The company uses the same Chinese characters, gao sheng, as the real Goldman Sachs, and its English font is evocative of the US bank’s.
Bloomberg made a filing with the Shenzhen government that reveals the replica Goldman Sachs has been operating since May 2013.
It’s not the first case of setting up fake banks in China. A 39-year-old man in eastern China’s Shandong Province was arrested this month after starting a fake branch of the China Construction Bank with card readers, passbooks, teller counter and convincing looking logos, the Xinhua news agency reported. The bank was taking deposits but didn’t allow withdrawals.
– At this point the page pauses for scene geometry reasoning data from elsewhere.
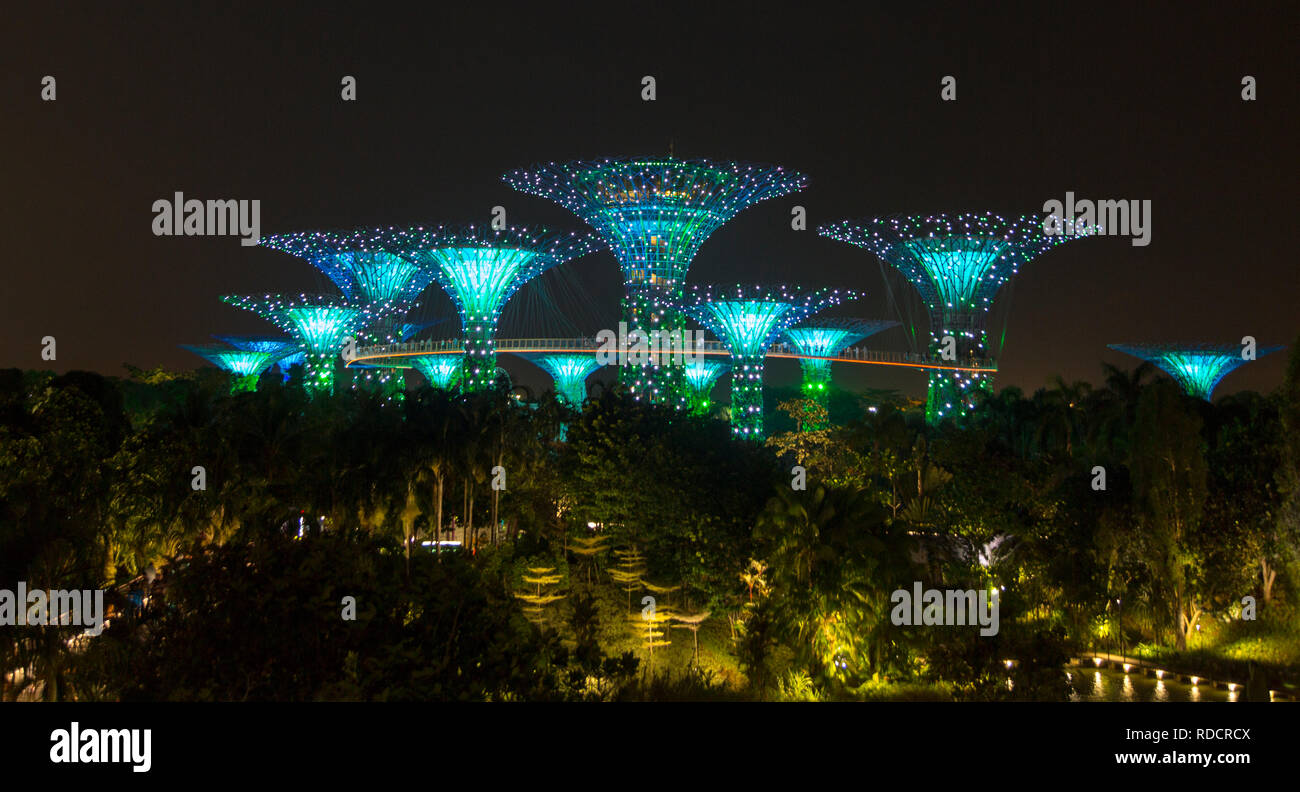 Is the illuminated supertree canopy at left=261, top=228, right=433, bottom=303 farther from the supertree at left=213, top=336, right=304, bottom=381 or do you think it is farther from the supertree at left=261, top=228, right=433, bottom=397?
the supertree at left=213, top=336, right=304, bottom=381


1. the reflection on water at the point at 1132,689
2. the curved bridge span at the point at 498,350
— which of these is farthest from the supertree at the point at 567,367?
the reflection on water at the point at 1132,689

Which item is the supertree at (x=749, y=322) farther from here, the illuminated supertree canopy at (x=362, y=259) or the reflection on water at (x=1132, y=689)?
the reflection on water at (x=1132, y=689)

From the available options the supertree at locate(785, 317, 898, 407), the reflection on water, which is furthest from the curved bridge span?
the reflection on water

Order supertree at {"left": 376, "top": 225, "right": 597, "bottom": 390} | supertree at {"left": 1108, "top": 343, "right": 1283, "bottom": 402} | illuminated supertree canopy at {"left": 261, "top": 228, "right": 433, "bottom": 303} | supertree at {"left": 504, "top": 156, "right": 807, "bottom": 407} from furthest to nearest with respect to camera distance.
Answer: supertree at {"left": 1108, "top": 343, "right": 1283, "bottom": 402}, illuminated supertree canopy at {"left": 261, "top": 228, "right": 433, "bottom": 303}, supertree at {"left": 376, "top": 225, "right": 597, "bottom": 390}, supertree at {"left": 504, "top": 156, "right": 807, "bottom": 407}

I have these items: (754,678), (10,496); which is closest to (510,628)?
(754,678)

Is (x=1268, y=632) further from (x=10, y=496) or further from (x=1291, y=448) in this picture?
(x=10, y=496)

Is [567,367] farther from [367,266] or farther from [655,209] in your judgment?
[655,209] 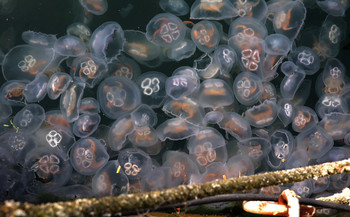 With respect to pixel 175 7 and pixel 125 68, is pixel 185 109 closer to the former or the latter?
pixel 125 68

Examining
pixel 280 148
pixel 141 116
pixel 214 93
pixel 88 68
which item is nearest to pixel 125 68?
pixel 88 68

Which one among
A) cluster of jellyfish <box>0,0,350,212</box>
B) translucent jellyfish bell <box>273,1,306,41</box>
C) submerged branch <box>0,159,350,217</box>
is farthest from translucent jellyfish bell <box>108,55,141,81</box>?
submerged branch <box>0,159,350,217</box>

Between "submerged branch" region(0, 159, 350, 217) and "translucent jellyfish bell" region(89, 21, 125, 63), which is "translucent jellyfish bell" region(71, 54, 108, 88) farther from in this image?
"submerged branch" region(0, 159, 350, 217)

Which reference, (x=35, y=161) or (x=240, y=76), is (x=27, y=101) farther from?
(x=240, y=76)

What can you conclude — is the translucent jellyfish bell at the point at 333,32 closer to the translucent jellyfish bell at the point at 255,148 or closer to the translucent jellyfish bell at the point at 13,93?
the translucent jellyfish bell at the point at 255,148

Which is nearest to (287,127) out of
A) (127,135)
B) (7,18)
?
(127,135)

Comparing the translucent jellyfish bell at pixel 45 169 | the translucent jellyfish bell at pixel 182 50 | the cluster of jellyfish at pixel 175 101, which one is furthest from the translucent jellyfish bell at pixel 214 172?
the translucent jellyfish bell at pixel 45 169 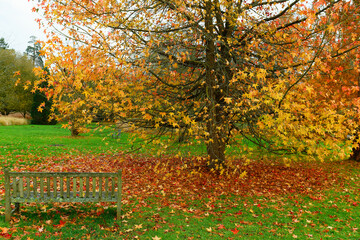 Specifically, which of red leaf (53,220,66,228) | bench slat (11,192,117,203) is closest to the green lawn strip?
red leaf (53,220,66,228)

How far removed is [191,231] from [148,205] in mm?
1686

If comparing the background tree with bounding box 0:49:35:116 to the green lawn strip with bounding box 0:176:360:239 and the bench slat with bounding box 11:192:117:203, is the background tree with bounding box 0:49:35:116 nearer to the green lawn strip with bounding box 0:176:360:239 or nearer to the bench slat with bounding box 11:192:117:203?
the bench slat with bounding box 11:192:117:203

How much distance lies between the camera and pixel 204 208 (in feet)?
21.2

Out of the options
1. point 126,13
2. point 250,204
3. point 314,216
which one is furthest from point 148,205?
point 126,13

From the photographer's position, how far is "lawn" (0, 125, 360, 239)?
4.97 meters

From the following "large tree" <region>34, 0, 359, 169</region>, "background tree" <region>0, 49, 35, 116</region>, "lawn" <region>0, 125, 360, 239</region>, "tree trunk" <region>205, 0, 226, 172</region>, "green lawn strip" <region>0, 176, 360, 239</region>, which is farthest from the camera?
"background tree" <region>0, 49, 35, 116</region>

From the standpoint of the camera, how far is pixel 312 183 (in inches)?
362

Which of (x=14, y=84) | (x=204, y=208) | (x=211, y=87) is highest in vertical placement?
(x=14, y=84)

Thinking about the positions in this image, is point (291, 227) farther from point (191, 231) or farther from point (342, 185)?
point (342, 185)

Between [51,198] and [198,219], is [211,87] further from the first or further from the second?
[51,198]

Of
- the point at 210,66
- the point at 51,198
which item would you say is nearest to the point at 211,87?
the point at 210,66

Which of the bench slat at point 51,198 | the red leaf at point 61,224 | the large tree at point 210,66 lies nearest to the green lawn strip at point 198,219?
the red leaf at point 61,224

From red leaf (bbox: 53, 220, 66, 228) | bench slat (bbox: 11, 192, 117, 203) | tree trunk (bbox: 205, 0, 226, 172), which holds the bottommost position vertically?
red leaf (bbox: 53, 220, 66, 228)

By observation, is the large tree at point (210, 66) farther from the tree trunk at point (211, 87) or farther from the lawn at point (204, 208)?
the lawn at point (204, 208) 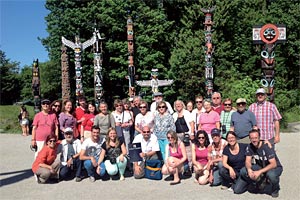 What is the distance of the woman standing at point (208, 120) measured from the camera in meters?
6.70

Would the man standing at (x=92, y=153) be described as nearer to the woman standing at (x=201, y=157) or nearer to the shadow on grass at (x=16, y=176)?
the shadow on grass at (x=16, y=176)

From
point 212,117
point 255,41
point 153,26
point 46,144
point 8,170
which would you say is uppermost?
point 153,26

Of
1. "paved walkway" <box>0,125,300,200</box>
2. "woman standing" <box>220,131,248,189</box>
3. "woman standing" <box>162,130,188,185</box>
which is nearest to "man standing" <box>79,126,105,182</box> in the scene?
"paved walkway" <box>0,125,300,200</box>

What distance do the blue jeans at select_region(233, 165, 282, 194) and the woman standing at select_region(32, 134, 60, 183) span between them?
337cm

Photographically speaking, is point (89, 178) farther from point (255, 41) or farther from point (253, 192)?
point (255, 41)

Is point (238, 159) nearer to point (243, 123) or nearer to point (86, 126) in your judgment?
point (243, 123)

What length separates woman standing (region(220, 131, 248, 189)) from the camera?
5645 millimetres

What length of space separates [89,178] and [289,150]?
6.05 metres

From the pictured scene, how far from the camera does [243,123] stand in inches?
244

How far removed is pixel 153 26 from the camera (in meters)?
24.0

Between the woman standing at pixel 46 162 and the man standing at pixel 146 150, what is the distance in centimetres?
157

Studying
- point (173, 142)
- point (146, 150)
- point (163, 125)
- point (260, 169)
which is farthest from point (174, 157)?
point (260, 169)

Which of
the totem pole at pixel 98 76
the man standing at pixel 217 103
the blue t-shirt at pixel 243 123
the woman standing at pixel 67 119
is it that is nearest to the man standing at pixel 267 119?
the blue t-shirt at pixel 243 123

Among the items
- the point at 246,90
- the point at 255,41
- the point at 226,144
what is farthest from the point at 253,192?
the point at 246,90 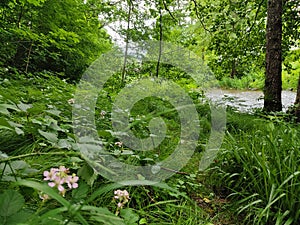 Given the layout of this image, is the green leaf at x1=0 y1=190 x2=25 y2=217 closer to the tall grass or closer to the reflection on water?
the tall grass

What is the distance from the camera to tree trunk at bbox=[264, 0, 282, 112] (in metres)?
3.15

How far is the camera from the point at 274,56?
3184 mm

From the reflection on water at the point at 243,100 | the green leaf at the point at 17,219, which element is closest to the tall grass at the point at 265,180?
the green leaf at the point at 17,219

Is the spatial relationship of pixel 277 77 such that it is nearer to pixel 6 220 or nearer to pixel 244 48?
pixel 244 48

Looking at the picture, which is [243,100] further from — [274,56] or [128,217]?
[128,217]

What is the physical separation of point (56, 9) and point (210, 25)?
2.31 metres

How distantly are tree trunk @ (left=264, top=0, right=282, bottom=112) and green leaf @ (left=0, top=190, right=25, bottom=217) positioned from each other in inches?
126

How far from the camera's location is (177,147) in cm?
168

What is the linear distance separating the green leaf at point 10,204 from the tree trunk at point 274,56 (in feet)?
10.5

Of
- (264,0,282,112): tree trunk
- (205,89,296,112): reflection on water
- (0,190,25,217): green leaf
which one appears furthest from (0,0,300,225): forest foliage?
(264,0,282,112): tree trunk

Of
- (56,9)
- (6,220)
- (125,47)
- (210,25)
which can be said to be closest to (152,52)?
(125,47)

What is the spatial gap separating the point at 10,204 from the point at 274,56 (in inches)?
133

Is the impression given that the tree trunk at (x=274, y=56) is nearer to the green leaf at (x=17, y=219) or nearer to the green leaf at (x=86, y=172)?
the green leaf at (x=86, y=172)

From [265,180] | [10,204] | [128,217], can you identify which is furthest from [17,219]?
[265,180] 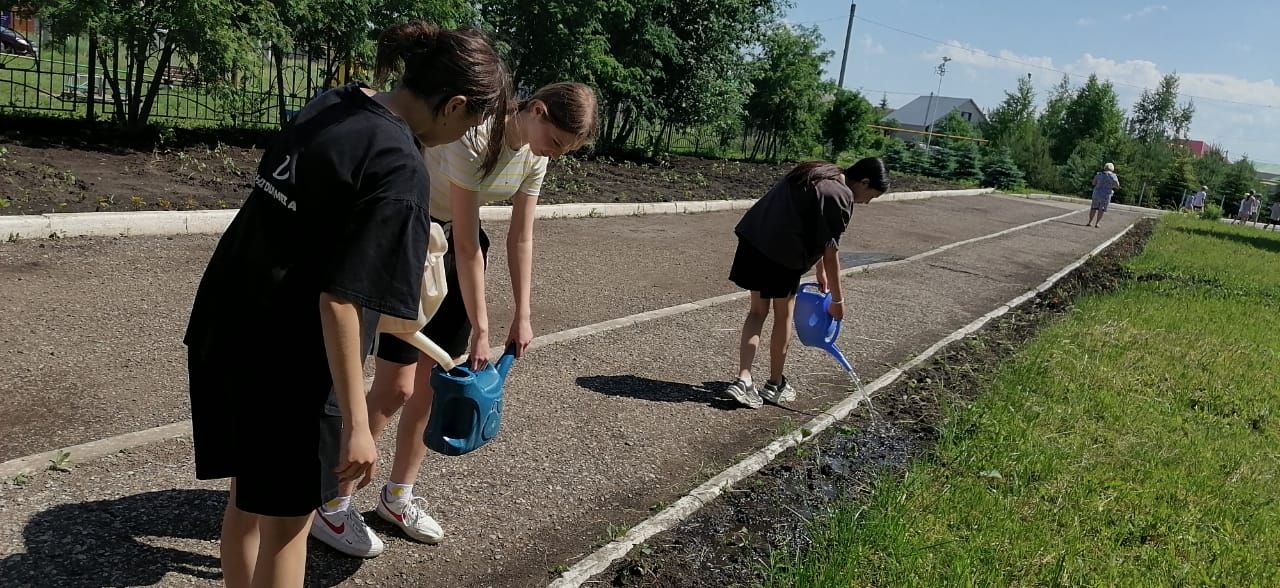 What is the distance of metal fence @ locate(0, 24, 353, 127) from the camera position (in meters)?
10.7

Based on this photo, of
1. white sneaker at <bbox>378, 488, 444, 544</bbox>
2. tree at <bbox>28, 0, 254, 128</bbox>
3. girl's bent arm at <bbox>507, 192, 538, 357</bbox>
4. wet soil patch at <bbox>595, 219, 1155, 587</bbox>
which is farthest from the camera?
tree at <bbox>28, 0, 254, 128</bbox>

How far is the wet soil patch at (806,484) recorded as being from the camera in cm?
346

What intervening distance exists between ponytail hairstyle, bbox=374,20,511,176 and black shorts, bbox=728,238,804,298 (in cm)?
334

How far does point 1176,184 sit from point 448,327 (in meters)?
54.4

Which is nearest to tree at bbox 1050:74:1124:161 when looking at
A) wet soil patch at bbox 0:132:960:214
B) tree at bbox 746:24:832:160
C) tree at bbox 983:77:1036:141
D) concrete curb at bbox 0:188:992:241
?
tree at bbox 983:77:1036:141

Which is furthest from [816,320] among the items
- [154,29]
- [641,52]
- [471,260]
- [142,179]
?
[641,52]

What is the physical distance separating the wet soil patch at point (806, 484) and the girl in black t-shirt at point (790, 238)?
0.65 m

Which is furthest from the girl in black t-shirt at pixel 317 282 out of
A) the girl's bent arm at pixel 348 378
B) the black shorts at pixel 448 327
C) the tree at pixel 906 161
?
the tree at pixel 906 161

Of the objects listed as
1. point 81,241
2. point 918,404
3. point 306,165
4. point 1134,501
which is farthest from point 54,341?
point 1134,501

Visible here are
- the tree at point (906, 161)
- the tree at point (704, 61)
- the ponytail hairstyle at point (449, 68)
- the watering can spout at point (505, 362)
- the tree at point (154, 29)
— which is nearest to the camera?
the ponytail hairstyle at point (449, 68)

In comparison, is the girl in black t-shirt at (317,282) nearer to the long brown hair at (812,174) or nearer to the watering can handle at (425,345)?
the watering can handle at (425,345)

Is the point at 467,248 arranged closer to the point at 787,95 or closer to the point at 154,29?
the point at 154,29

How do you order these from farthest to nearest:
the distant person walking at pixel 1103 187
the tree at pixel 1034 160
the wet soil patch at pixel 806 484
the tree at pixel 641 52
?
the tree at pixel 1034 160, the distant person walking at pixel 1103 187, the tree at pixel 641 52, the wet soil patch at pixel 806 484

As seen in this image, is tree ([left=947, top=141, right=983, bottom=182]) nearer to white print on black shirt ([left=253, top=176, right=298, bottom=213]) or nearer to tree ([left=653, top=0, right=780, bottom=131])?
tree ([left=653, top=0, right=780, bottom=131]) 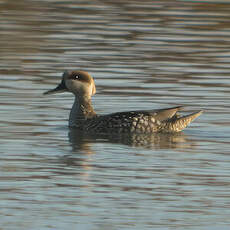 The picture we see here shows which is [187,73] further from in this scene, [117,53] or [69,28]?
[69,28]

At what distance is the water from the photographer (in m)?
9.89

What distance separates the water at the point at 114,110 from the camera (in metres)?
9.89

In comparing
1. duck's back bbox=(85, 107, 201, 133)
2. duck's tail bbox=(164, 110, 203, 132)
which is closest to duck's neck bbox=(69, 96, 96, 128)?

"It's notoriously difficult for an overseas claimant to persuade the Chinese courts that there has been trademark infringement. There's still a practice of whoever registers first wins," Paul Haswell, a Hong Kong-based partner at law firm Pinsent Masons told Bloomberg.
Basketball legend Michael Jordan lost a case in July against a local sportswear company that used his name in Chinese.
In 2012, Apple paid $60 million to Proview Technology (Shenzhen) that first registered the iPad trademark in China in 2001.